- [WORK ITEM] Below are some records. Write out exactly their lines from the one with "Hello guys, welcome" through the one with "Each bottle's label", and leave the pictures behind.
'''
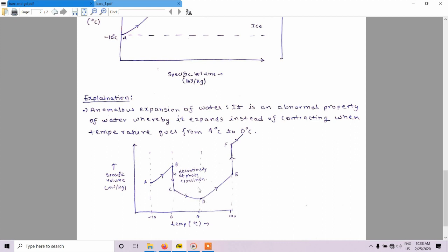From D to E — temperature 4 to 100 degrees centigrade — specific volume increases. Again due to phase transition, there is a discontinuity: at point E water is present and at point F steam is present. When phase changes from water to steam there is a drastic increase in specific volume. Then from F onwards, volume continues to increase as temperature increases.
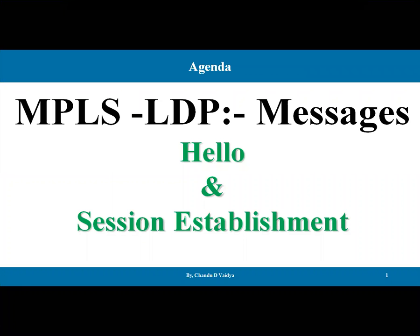Hello guys, welcome to the course of PCPIP. Today we are going to discuss about the MPLS LDP messages. Before this video we have discussed about the LDP — this label distribution protocol — and its working. Now it's time to discuss about the messages. In the messages, specifically the hello and the session established message are very important. So let's start one by one.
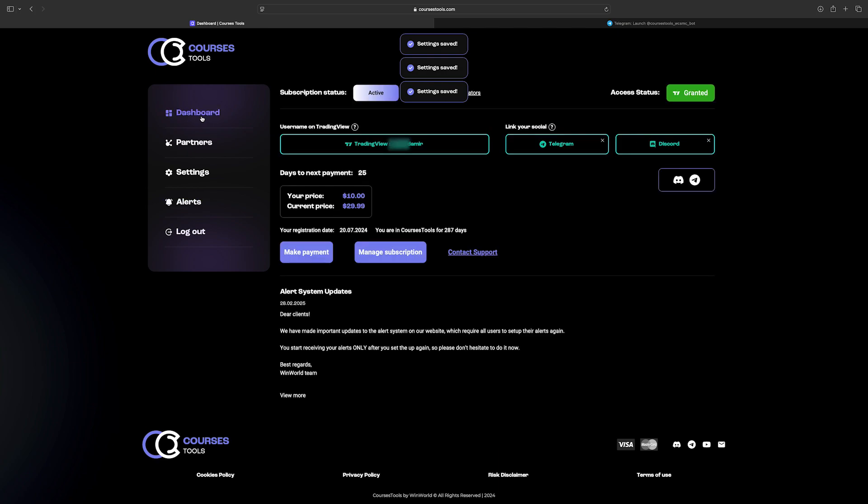In the bottom section of the dashboard, you will get the Courses Tools Team notifications regarding the indicator updates and etc. This concludes registration and alert setup. Goodbye and good luck to everybody!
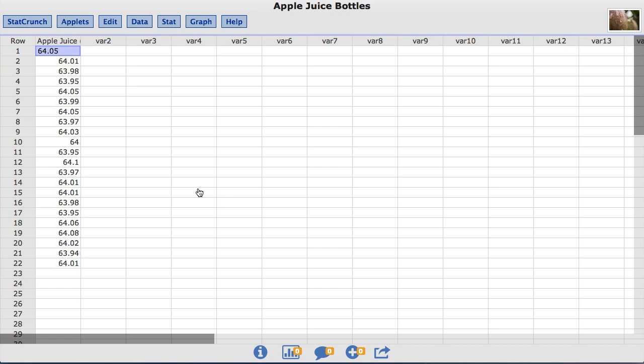Each bottle's label states it contains 64 ounces of apple juice. The manufacturer requires that the mean amount of juice in a bottle be 64.05 ounces to decrease the chance of a bottle being under the 64 ounce threshold by random chance.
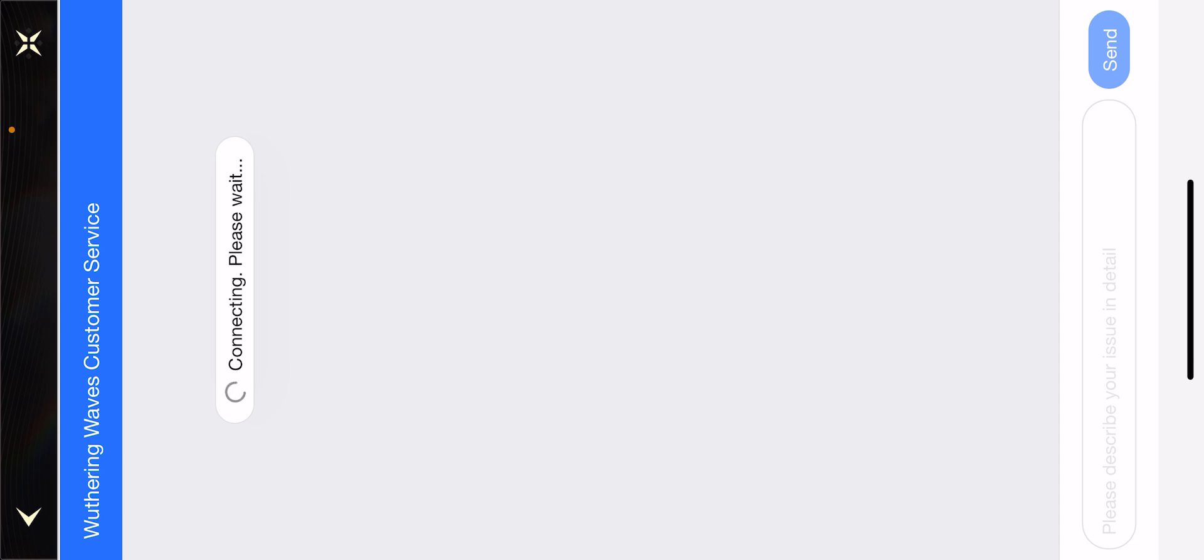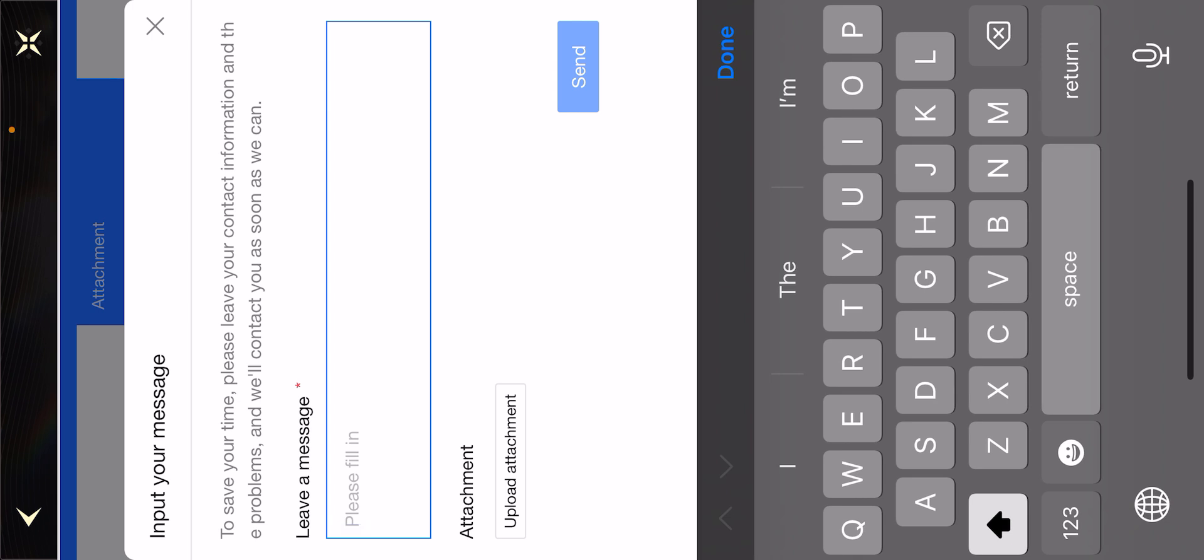So here, enter your email address, the new email address that you want to change to, and also enter your user ID and why you want to change your email address. The support team is also asking for the reason that you want to change the email address.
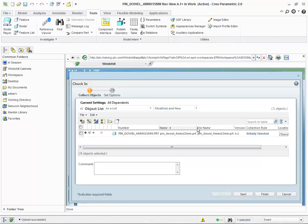We are presented with the check-in wizard, which has two steps. The Collect Objects step window enables us to collect the desired objects upon which to conduct the check-in action. We have the option of applying different configurations or selecting various dependencies to include or exclude objects from the list. We do not need to collect any additional objects, so we continue with the check-in operation.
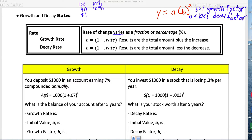We have a growth rate and a decay rate, just like we have a growth factor and a decay factor. To find B from a percentage rate: convert the rate to a decimal. If it is a growth rate, B equals 1 plus that rate — giving you the total amount plus the increase. If decreasing by a percentage, B equals 1 minus that rate as a decimal — giving the total amount less the decrease.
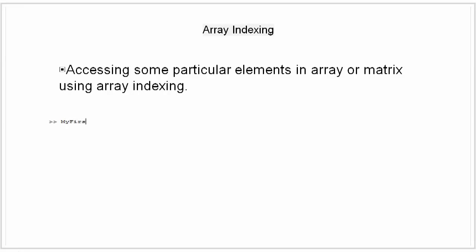There are two ways in which we can perform indexing. First, we provide a row and column and access that particular element, such as this.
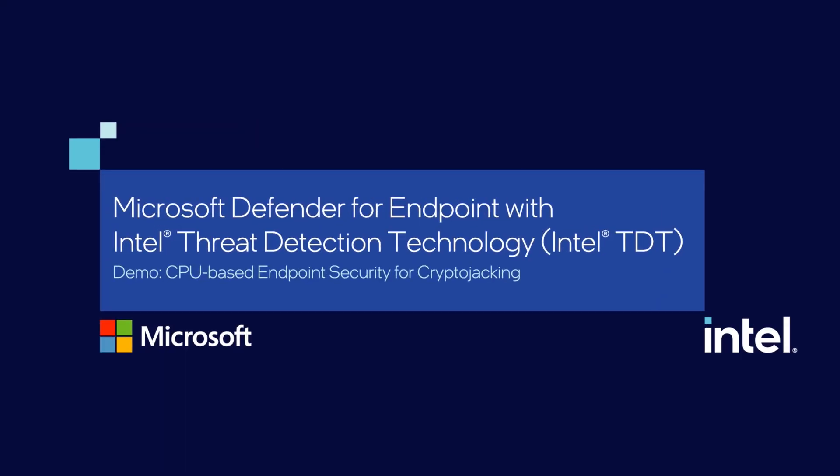This is an endpoint security demonstration of CPU-based threat detection and remediation of cryptojacking attacks, leveraging Microsoft Defender for Endpoint enabled with Intel Threat Detection Technology, part of Intel Hardware Shield available on the Intel vPro platform.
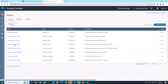Default customer hold flow is what experience the customer has when placed on hold. In our default experience, they are played some audio. Default customer queue. This is the default experience when a customer is placed in a queue. In our default experience, they are played some audio in a loop until the call is answered by an agent.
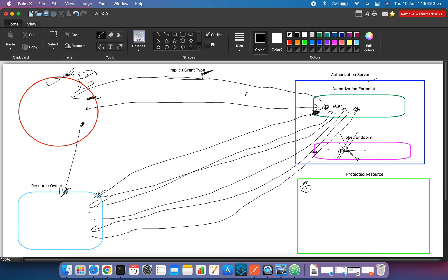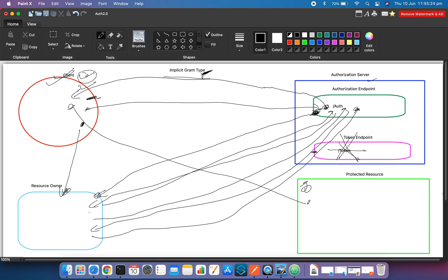The access token will be a JWT — a JSON Web Token. We have discussed in previous sessions how a JWT looks, how it works, and how it provides security. Once your client gets the JWT, it sends that token to the protected resource server. The protected resource server validates the signature of the JWT, and if the signature is valid, it provides the required access to the client.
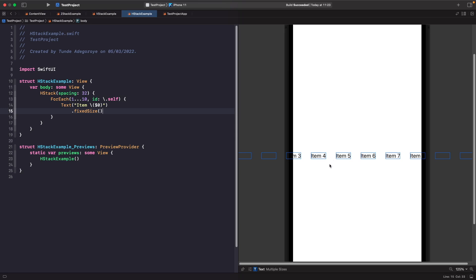We've broken down HStack, VStack, and ZStack. Normally you'd combine all three to build more complex UI. Before we get to that, let's talk about the limitations of stacks. In our examples we've been working with dynamic views using ForEach. But what if we had to specify each view individually within our VStack? Let's comment out our ForEach and list out 11 text views to see what happens.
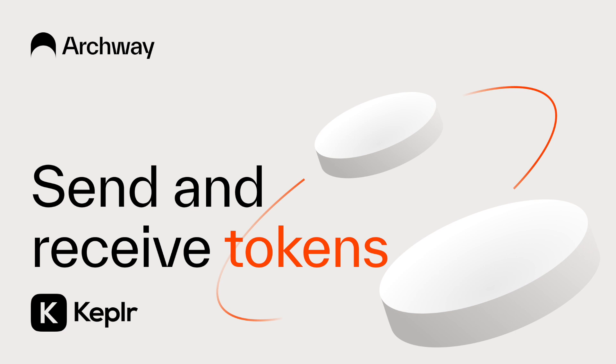Hey all, so today we're gonna see how to send and receive tokens by using the Keplr wallet, which is a browser extension.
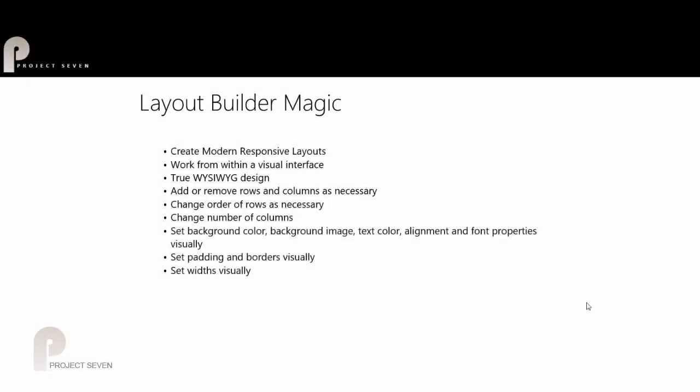When Dreamweaver first came on the scene, it was known for its extensibility—the power it gave to creative developers like Project Seven to develop add-ons and tools that installed into Dreamweaver and allowed users to create page layouts, menu systems, panel widgets, image galleries, etc.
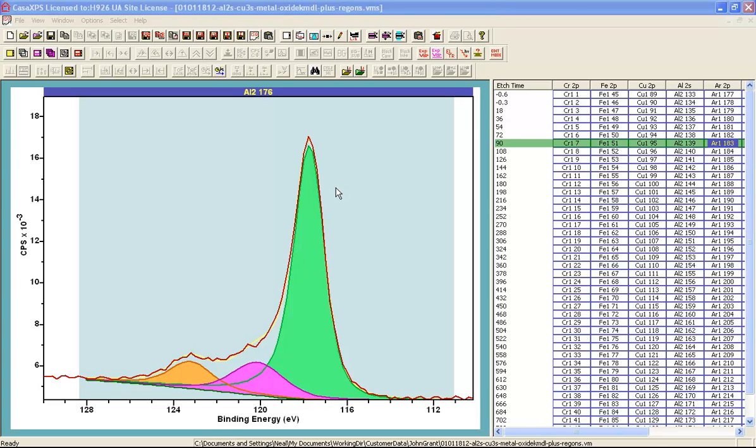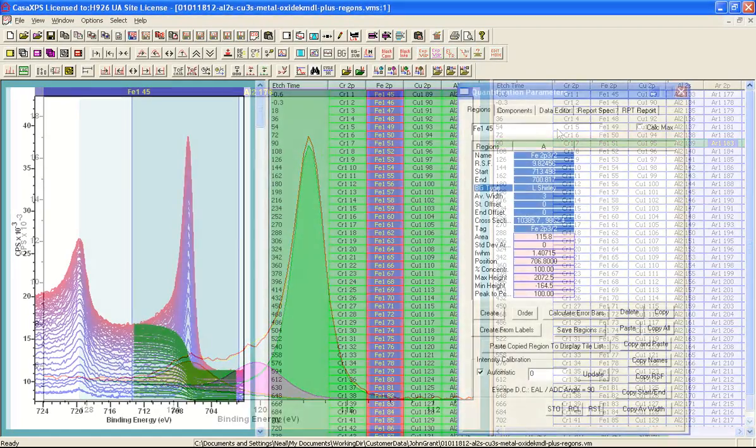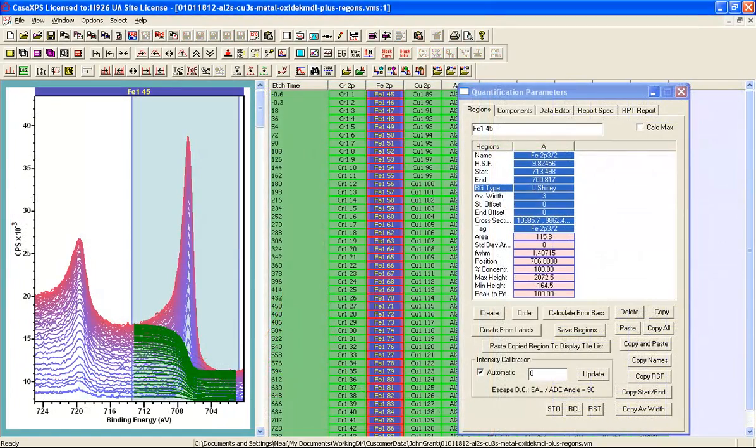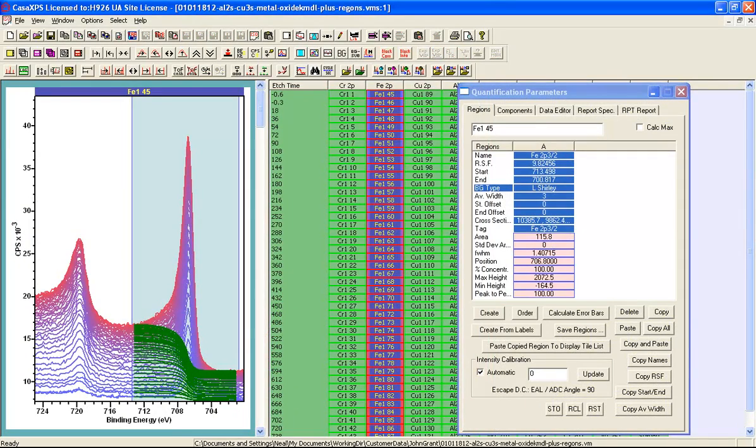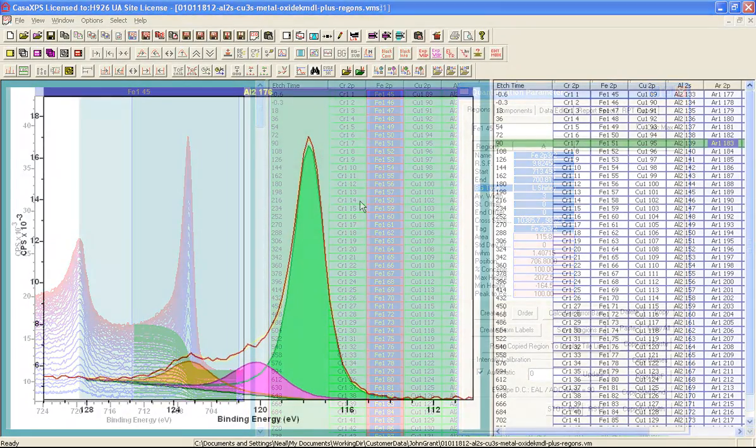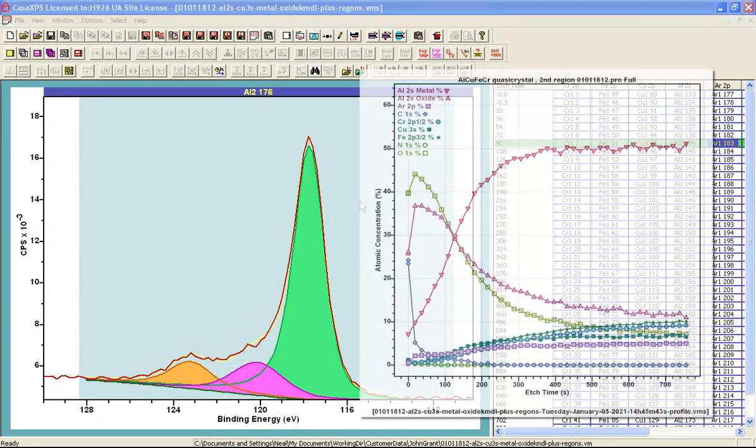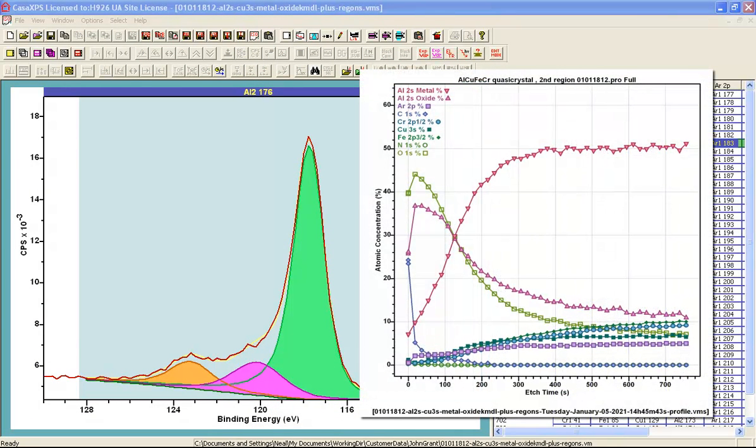In this video we are going to look at how to manage the display of depth profiles. A depth profile in XPS is created from a set of narrow scan regions or even survey spectra where regions and components can be defined. The actual profile shows how material changes as a function of depth.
'''
- [RESULT]
Hello guys, welcome to the course of PCPIP. Today we are going to discuss about the MPLS LDP messages. Before this video we have discussed about the LDP — this label distribution protocol — and its working. Now it's time to discuss about the messages. In the messages, specifically the hello and the session established message are very important. So let's start one by one.
In the bottom section of the dashboard, you will get the Courses Tools Team notifications regarding the indicator updates and etc. This concludes registration and alert setup. Goodbye and good luck to everybody!
Each bottle's label states it contains 64 ounces of apple juice. The manufacturer requires that the mean amount of juice in a bottle be 64.05 ounces to decrease the chance of a bottle being under the 64 ounce threshold by random chance.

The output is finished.